» **Data provided**:
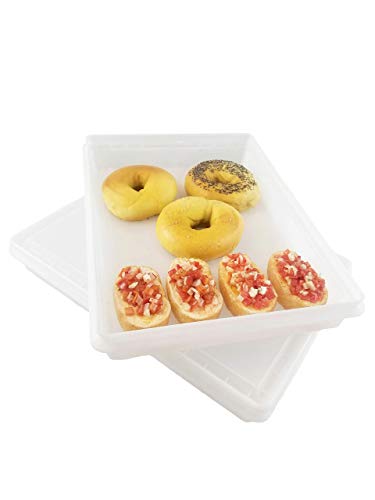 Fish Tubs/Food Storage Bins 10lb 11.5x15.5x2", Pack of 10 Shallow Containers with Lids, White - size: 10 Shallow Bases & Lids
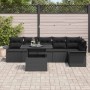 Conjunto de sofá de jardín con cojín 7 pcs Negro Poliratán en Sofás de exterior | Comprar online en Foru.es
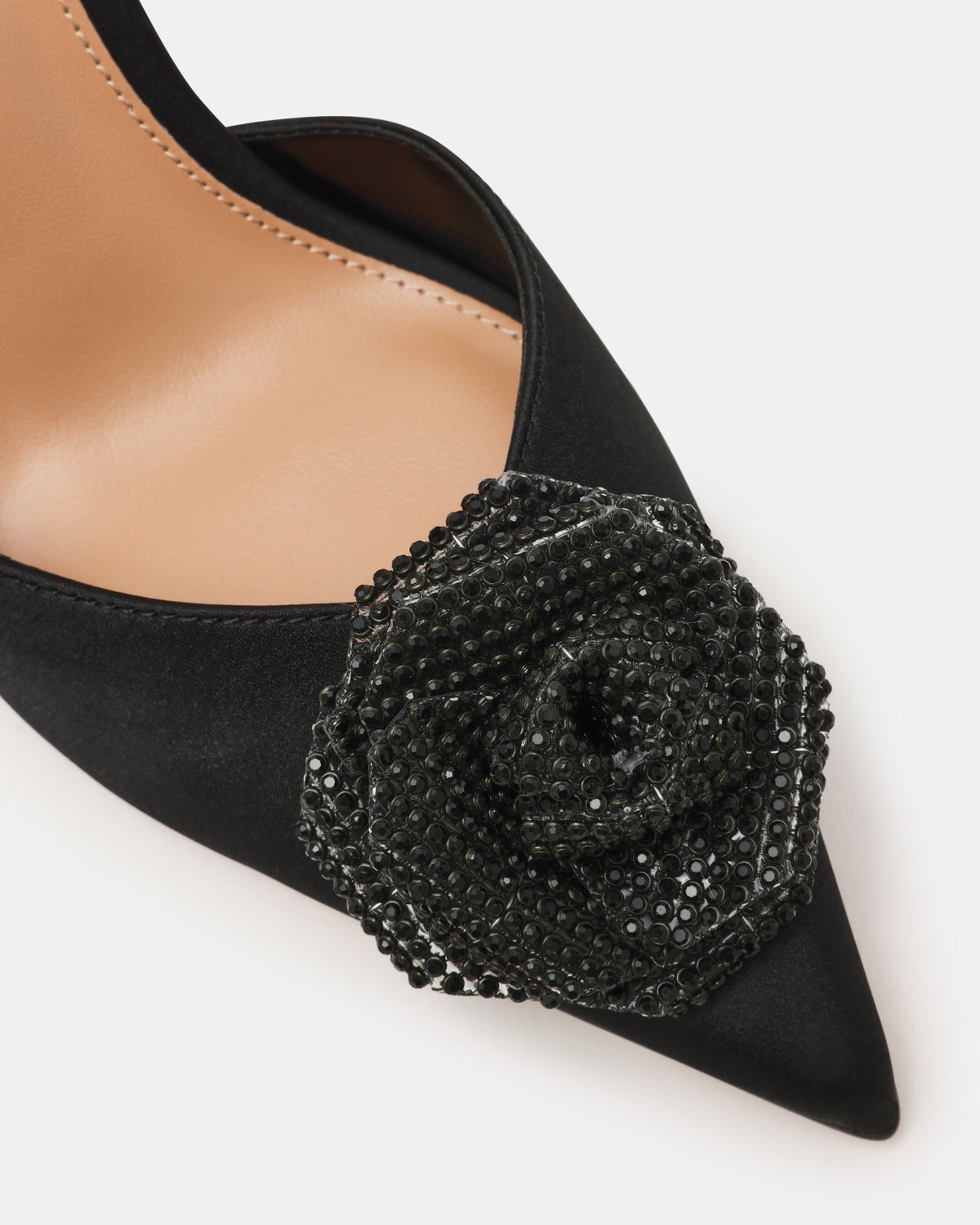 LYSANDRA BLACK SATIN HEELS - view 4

==

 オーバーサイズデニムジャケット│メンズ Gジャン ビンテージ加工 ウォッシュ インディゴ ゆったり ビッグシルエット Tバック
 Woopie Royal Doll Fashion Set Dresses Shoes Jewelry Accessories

» **Problem to work on**:
Transcribe, exactly and without pictures, everything in the data from the line with "Fish Tubs/Food Storage" down to the line with "LYSANDRA BLACK SATIN HEELS - view 4", both included.

» **Written reply**:
 Fish Tubs/Food Storage Bins 10lb 11.5x15.5x2", Pack of 10 Shallow Containers with Lids, White - size: 10 Shallow Bases & Lids
 Conjunto de sofá de jardín con cojín 7 pcs Negro Poliratán en Sofás de exterior | Comprar online en Foru.es
 LYSANDRA BLACK SATIN HEELS - view 4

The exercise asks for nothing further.